Destroys a car on the bridge :
"Nice roll, Richard."
The strobe light falls onto their game board, blinding them:
"It's just the strobe, get it out, it's just the strobe. Everybody all
right? Bowen, are you all right?"
At the next table:
"I'm not playing! I'm not playing!"
ALAN R. MOON
"We got secondaries down there..."
A dazed and exhausted gamer sits on the ground:
"Get the stretchers over here... Gimme some Red Bull. Where's that bag
with the energy drinks?"
"I want my wounded out of there and into the chill-zone in 15 minutes. I
want my men out!"
A young girl throws a Pokemon plushie at the strobe light:
ALAN R. MOON
"Those trees... We need suppression fire on those trees. Drawing fire,
drawing fire - taking hits... Mayday, mayday... I'm going in..."
"What do you think?"
"Well, it's really exciting."
"No, no. The minis... Look, I painted tiny crests on their chests, they've
been dipped so you can hold them..."
Back in the booth:
"This place is still pretty hot. Maybe we should game someplace else."
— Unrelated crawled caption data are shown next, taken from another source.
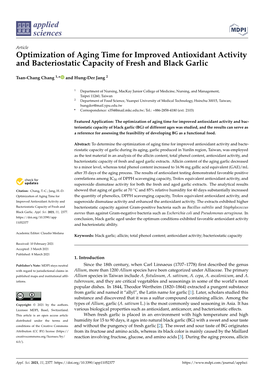 Optimization of Aging Time for Improved Antioxidant Activity and Bacteriostatic Capacity of Fresh and Black Garlic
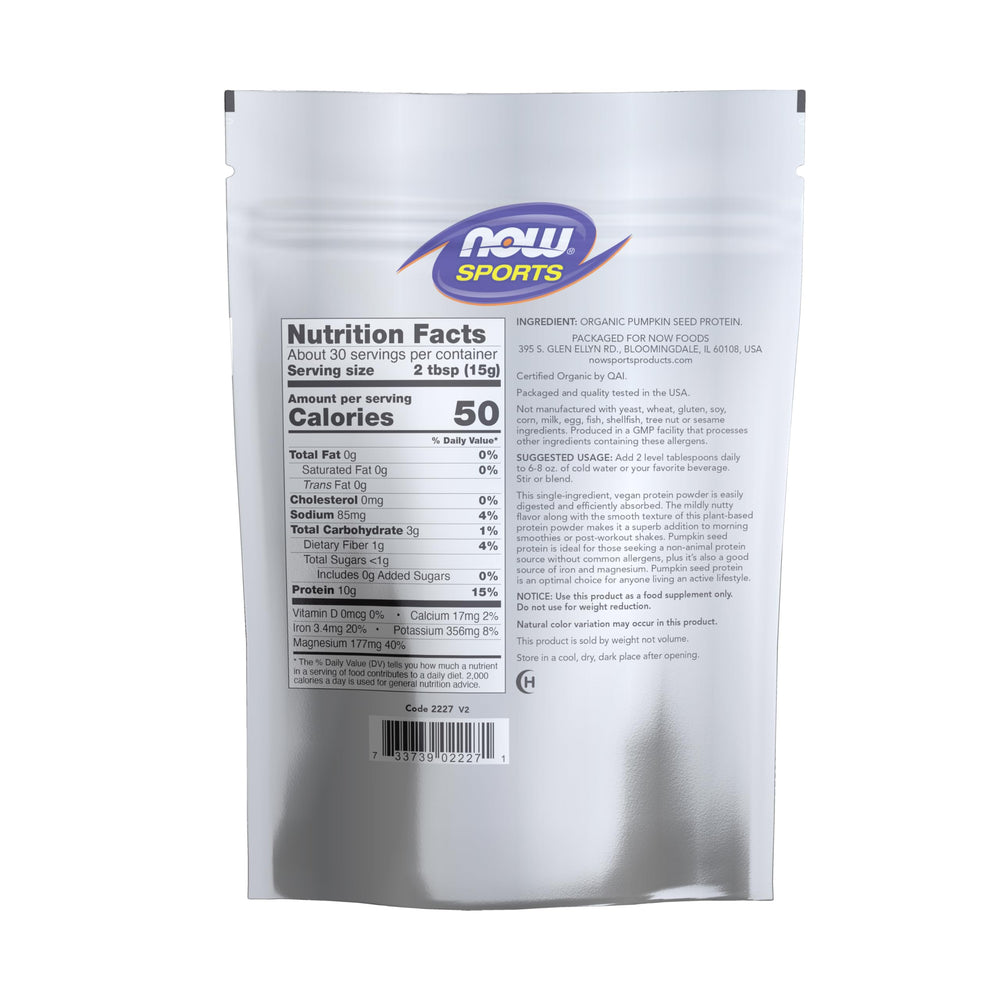 NOW Foods pumpkin seed protein powder bag back label displays non-GMO and ingredients.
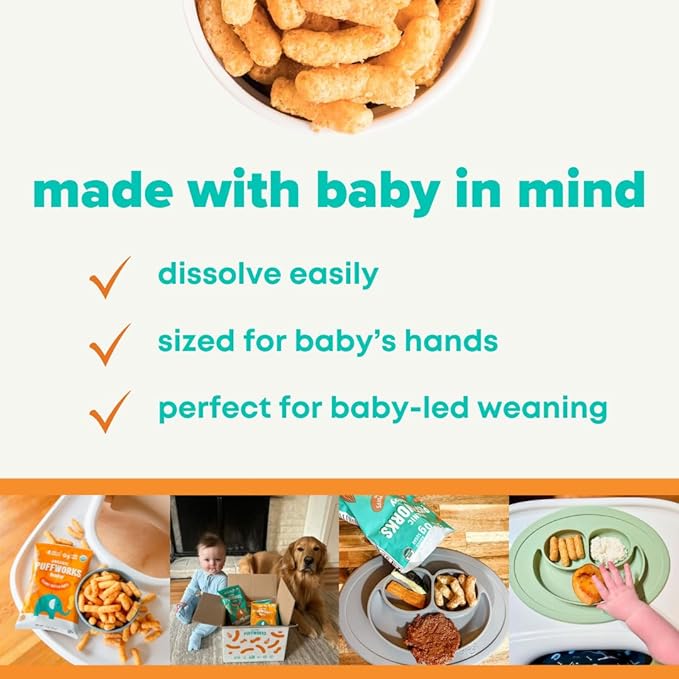 Puffworks Baby Peanut and Almond Variety Pack, Perfect for Early Peanut Introduction, Plant Protein, No Added Sugar, USDA Organic, Gluten-Free, Vegan, Non-GMO, Kosher, 0.5 Ounce (Pack of 12)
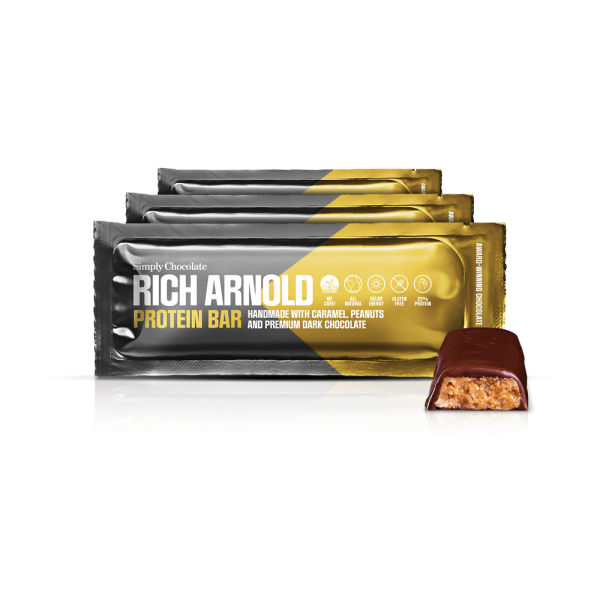 Rich Arnold 12 Pack | Proteinbar med karamel, peanuts og premium mørk chokolade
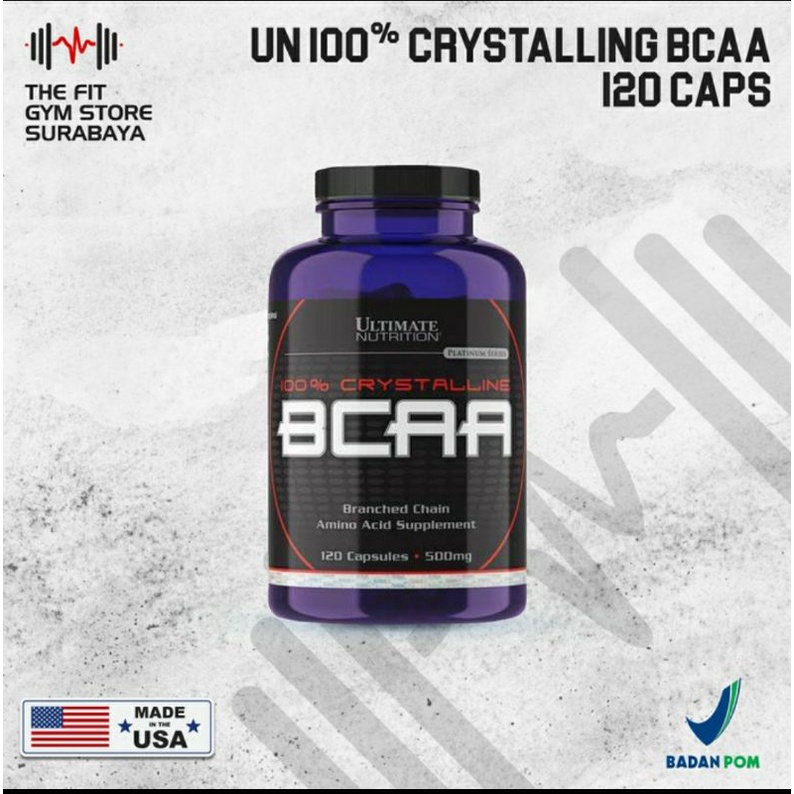 ULTIMATE NUTRITION BCAA 120 KAPSUL SUPLEMEN FITNESS GYM CYRISTALLING BCAAS CAPSUL AMINO ACID PROTEIN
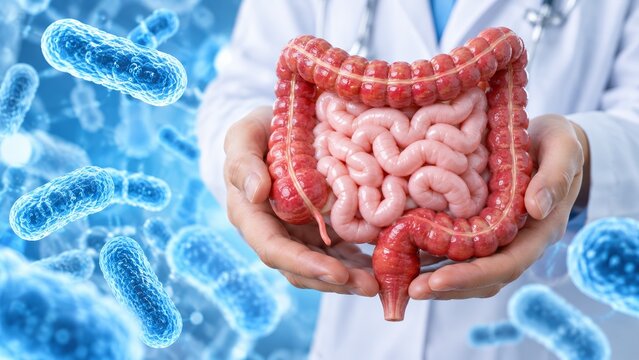 Medical education concept showing human intestines model amidst microbiome research bacteria.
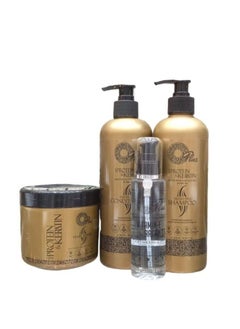 Buy Keratin and protein treated hair care set Shampoo 500 ml Conditioner 500 ml Mask 500 ml Anti frizz serum 110 ml in Saudi Arabia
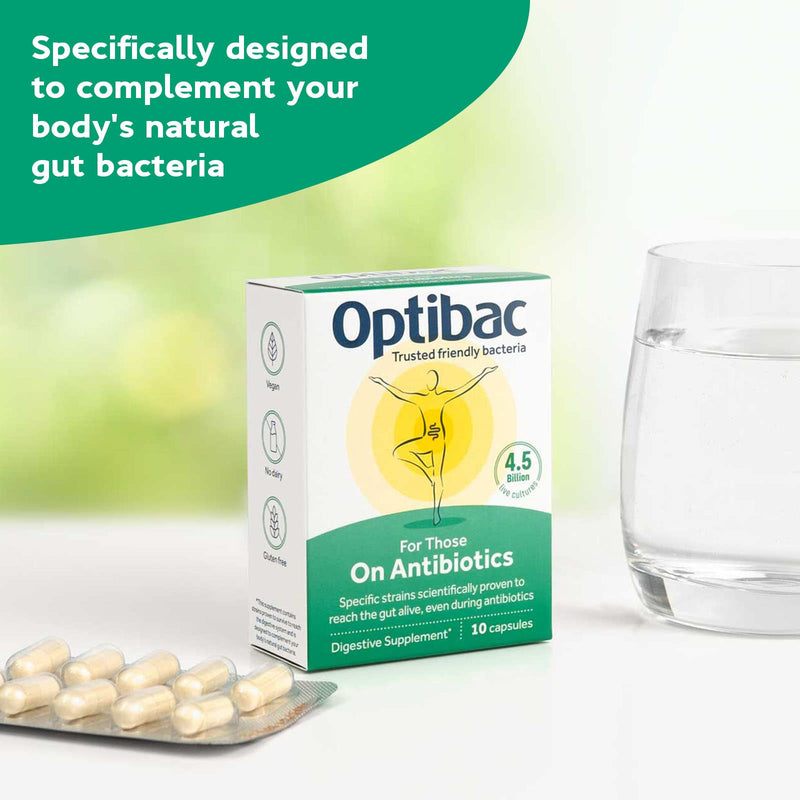 OptiBac for Those on Antibiotics | 4 Billion Friendly Bacteria Natural Supplement Course | Lactobacillus Acidophilus & Lactobacillus Rhamnosus | Researched Alongside Antibiotics | 10 Capsules, pack of 10 capsules - BeesActive Australia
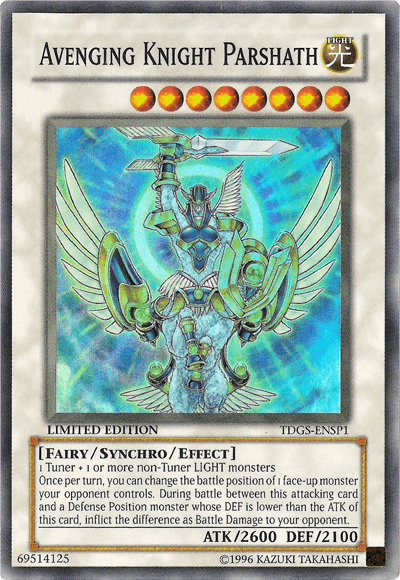 Fairy, Light, Limited, Super Rare, Synchro/Effect Monster, The Duelist Genesis Avenging Knight Parshath [TDGS-ENSP1] Super Rare - Trading Card World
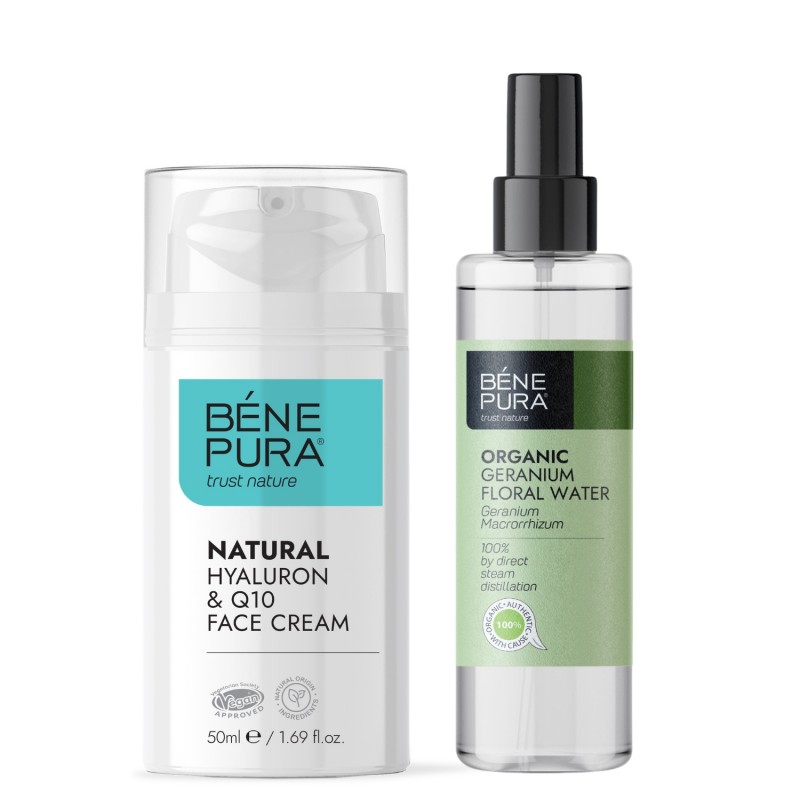 Natural face cream with Hyaluronic acid and Coenzyme Q10 and Bio Geranium Floral water - GMC
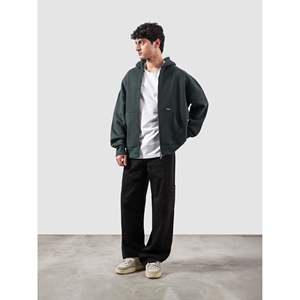 Sweat à capuche zippé en molleton French Terry vert Racing, 500 g/m², lavé aux enzymes, léger, avec motifs sérigraphiés, tailles XXS-XL - Product Image 3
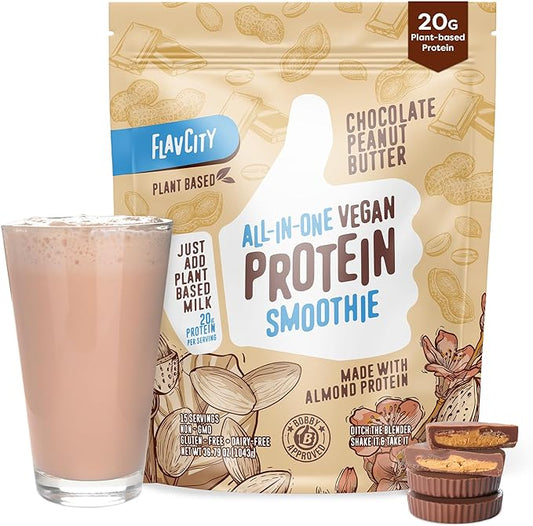 FlavCity All-in-One Vegan Protein Powder Smoothie, Chocolate Peanut Butter - Plant-Based Pre-Workout Meal Replacement Shake for Women & Men Made with 20g of Almond Protein - Gluten Free & Dairy-Free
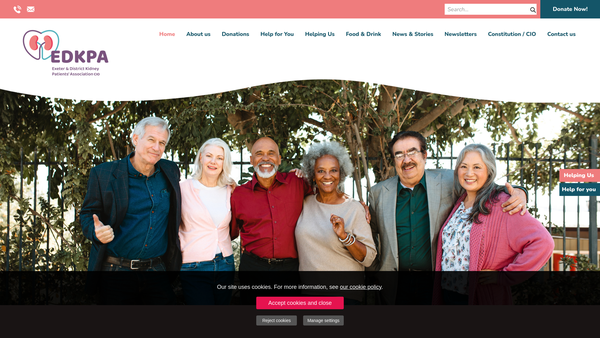 Screenshot of the Exeter And District Kidney Patients' Association website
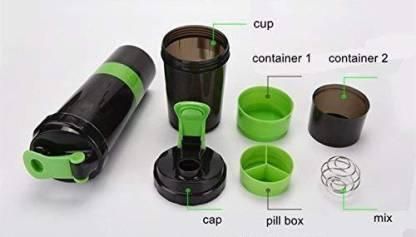 Spider Protein Shaker Bottle – 600ml Gym Sipper with Dual Compartments | BPA-Free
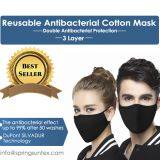 Reusable Washable Silvadure Printed Green Tartan Antibacterial Knitted Fashion Sports Mask thumbnail-3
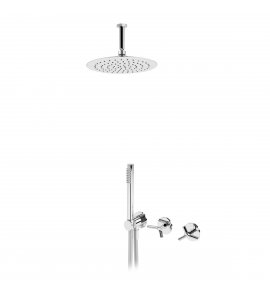 Bruma Genesi Zestaw prysznicowy podtynkowy z deszczownicą sufitową Ø 250 mm i słuchawką prysznicową Chrom 1917521CR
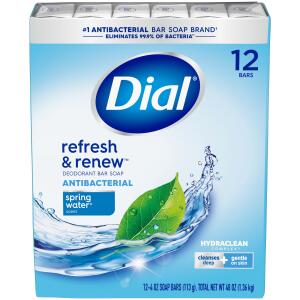 Dial Antibacterial Bar Soap, Refresh & Renew, Spring Water, 4 oz, 12 Bars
"What do you know about board gaming? You're from goddamn New Jersey."
"Come here. Come here! Set it up!"
"You mean right now, sir?"
"I wanna see how playable this game is. Set it up!"
"It's still pretty hairy out there sir."
"You wanna wargame, soldier?"
"That's good, son. 'Cause you either wargame or you end up designing games
about ice age insects battling monkeys. That clear? Now get going. I cover
for you. And bring some dice for Bowen. Bowen, I bet you can't wait to
get in there. See, you can roll both ways. One guy can use the dice tower
while his opponent uses a box lid. Simultaneous attack rolls. What do you
think of that?"
"I think we oughta wait 'til they finish their game."
"Bowen, come here. Look, look... These guys have AP. You wanna wait here
for six hours?"
We see two gamers staring at their board, doing nothing:
"OK fellows, quit over-thinking. Let's go, dickheads."
"Don't you think it's a bad time and place to run a game tournament?"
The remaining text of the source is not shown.